Restoration engineer and producer Mark Obert-Thorn extends his thorough celebration of the 150th anniversary of the birth of German conductor Frederick Stock (1872-1942), who led the Chicago Symphony Orchestra from 1905 until his death thirty-seven years later. Except for the 1929 Glazunov offerings, all of the remaining sound documents date from RCA ,1930.

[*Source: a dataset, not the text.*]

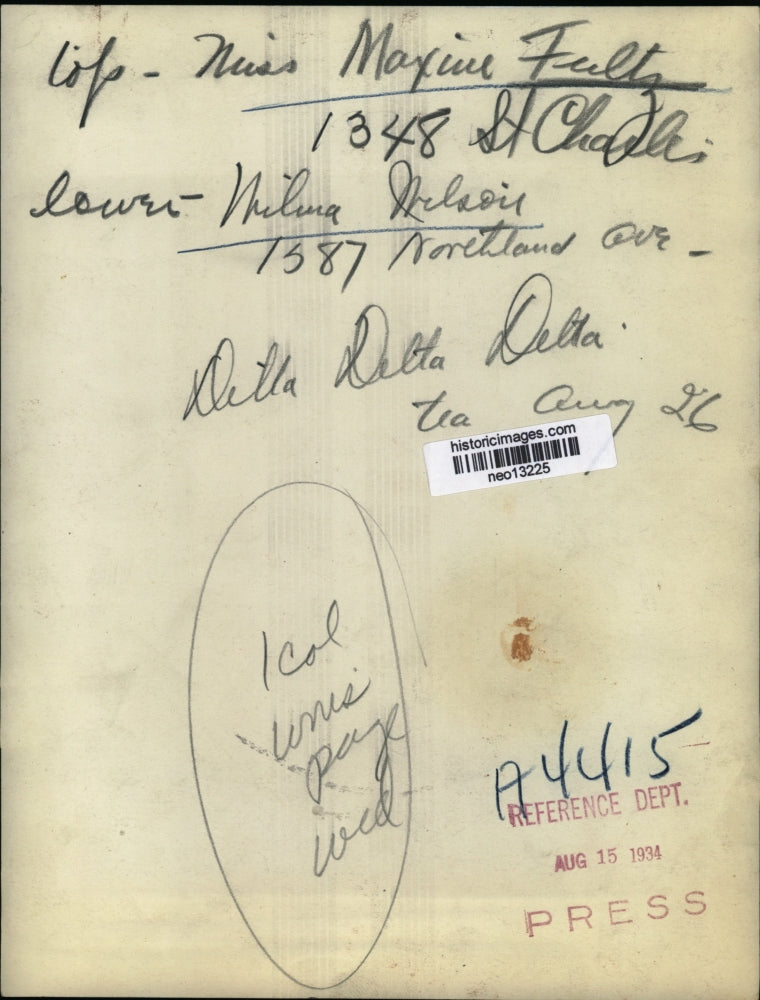 1934 Press Photo Miss Maxine Feilts & Milina Nelson Deltra Delta Delta Tea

Stock begins the program (rec. 18 December 1929) with two excerpts from Glazunov’s 1898 ballet Les ruses d;amour, a suite of five movements. The “Introduction,” engaging a pair of melodies, sways in lulling, bucolic scoring, especially for the Chicago flutes and strings. The waltz tempo finds enrichment in the swelling progress of the strings, low and high. The second selection, “Ballabile des Paysans et Paysannes,” offers a rustic dance that features lively castanets. The typical Glazunov busy energies and melodic formulas apply, charming and colorfully engaging.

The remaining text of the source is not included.